I like to think of myself as an intelligent women that I can figure most things out and follow straight forward instructions? Mmm well since setting up my blog I have entered a mind field of technology which may as well be in a foreign language! So I drafted in my brother-in-law to help me he is so technology savvy he made it look so simple I almost felt embarrassed – and whilst I’m on the subject of family I have also drafted in my Husband as my editor, I write, he edits.. It certainly beats paying an editor £££s to do it for you! However the down side of having a free editor on board is that you are constantly reminded of your grammatical errors on a regular basis! And during my excitement to pen my story I have to admit to making a few…

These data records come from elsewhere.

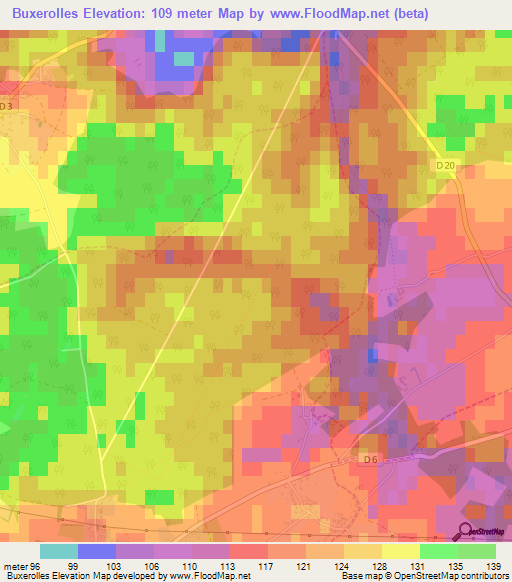 Buxerolles,France Elevation Map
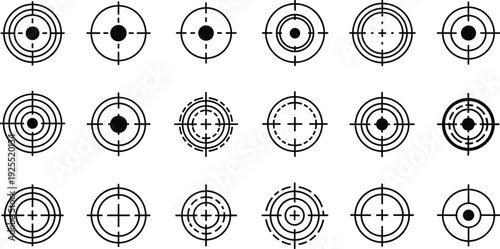 Target icon set with crosshair and concentric circle symbols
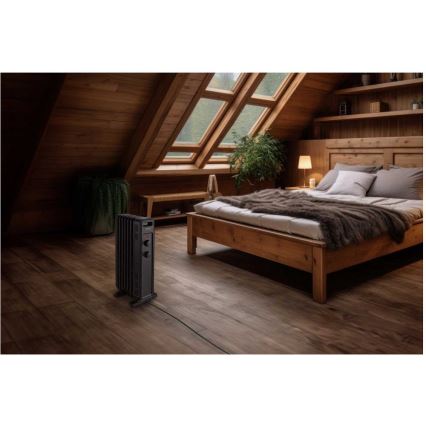 Sencor - Oljni radiator s 7 rebri 600/900/1500W/230V črna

… but I am sure I’m not alone in this? I do get very carried away the more excited I get the faster I type and the more errors appear! But these are just details which can be corrected anytime, my memory however cannot!  Hence when I need to write, I have to write incase my memory fails me which it often does, yes I should write my thoughts down more often, (very difficult when your in the park with your child or supervising a play date!) My final thought goes to all those who have been affected by the earth quake in America today. Well I will sign off for the day now good night and sleep well.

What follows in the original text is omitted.